- _What to produce_
This task calls for copying each line below that contains "Drive".

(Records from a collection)
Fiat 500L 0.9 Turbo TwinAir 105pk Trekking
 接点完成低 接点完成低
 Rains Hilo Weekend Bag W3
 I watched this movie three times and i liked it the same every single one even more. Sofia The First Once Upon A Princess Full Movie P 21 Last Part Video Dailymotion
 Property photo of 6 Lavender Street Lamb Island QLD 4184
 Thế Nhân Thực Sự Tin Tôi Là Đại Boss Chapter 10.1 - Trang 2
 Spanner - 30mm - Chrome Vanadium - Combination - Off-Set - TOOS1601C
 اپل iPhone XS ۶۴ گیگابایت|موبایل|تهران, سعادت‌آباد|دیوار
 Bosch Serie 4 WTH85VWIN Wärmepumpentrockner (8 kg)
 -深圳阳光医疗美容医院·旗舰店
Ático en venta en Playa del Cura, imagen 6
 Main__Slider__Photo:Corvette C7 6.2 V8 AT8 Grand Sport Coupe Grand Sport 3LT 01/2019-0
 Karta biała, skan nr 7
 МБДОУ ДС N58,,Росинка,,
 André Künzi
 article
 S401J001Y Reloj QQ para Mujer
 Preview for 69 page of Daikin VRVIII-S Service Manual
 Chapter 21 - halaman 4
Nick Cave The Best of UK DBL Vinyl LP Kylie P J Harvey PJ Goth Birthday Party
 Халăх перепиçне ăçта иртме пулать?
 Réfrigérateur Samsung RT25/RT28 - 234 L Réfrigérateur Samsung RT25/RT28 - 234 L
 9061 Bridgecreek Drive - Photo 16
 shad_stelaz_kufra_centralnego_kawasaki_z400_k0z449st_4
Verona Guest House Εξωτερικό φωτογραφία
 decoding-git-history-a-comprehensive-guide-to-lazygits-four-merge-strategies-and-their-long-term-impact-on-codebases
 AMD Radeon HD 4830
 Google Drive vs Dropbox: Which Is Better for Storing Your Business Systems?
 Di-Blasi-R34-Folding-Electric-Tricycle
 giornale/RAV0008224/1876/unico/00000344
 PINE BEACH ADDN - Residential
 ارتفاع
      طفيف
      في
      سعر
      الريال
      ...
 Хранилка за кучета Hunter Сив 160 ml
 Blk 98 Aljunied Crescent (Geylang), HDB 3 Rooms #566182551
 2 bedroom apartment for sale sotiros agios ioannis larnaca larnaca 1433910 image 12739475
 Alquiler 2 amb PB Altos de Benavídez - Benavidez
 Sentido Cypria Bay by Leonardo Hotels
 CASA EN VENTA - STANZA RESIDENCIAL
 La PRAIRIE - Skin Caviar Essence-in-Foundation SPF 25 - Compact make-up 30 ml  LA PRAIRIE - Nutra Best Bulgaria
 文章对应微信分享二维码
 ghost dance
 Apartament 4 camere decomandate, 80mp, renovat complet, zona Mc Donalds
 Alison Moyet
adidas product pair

- _Exercise response_
 9061 Bridgecreek Drive - Photo 16
 Google Drive vs Dropbox: Which Is Better for Storing Your Business Systems?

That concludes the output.